(Problem description) Return each line of the records holding the string "Tiguan".

(Supplied data)
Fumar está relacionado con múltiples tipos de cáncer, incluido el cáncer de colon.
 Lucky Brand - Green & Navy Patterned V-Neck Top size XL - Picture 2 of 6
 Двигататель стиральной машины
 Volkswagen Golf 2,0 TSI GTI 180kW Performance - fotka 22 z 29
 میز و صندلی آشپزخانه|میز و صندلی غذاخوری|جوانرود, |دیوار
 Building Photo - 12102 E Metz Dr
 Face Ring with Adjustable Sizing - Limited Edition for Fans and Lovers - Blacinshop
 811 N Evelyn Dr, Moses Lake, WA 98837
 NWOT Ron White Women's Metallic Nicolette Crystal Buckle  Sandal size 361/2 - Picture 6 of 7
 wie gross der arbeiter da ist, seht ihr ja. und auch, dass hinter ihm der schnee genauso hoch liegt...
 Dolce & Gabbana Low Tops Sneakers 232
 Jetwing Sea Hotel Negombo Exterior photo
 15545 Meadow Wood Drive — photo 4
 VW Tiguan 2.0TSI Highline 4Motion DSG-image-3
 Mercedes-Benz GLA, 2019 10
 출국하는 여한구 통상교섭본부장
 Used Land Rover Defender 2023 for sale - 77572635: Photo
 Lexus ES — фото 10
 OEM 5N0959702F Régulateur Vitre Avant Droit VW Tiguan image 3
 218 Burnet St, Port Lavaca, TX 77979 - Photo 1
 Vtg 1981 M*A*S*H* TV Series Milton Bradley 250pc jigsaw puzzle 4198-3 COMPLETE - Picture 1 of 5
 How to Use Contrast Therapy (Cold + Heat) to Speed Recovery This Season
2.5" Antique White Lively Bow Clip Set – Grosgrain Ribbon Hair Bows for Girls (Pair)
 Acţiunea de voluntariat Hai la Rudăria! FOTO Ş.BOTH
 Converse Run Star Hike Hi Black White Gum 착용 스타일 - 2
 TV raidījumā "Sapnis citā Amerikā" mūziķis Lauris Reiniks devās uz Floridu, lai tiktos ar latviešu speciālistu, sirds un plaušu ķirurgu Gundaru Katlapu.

(Expected output)
 VW Tiguan 2.0TSI Highline 4Motion DSG-image-3
 OEM 5N0959702F Régulateur Vitre Avant Droit VW Tiguan image 3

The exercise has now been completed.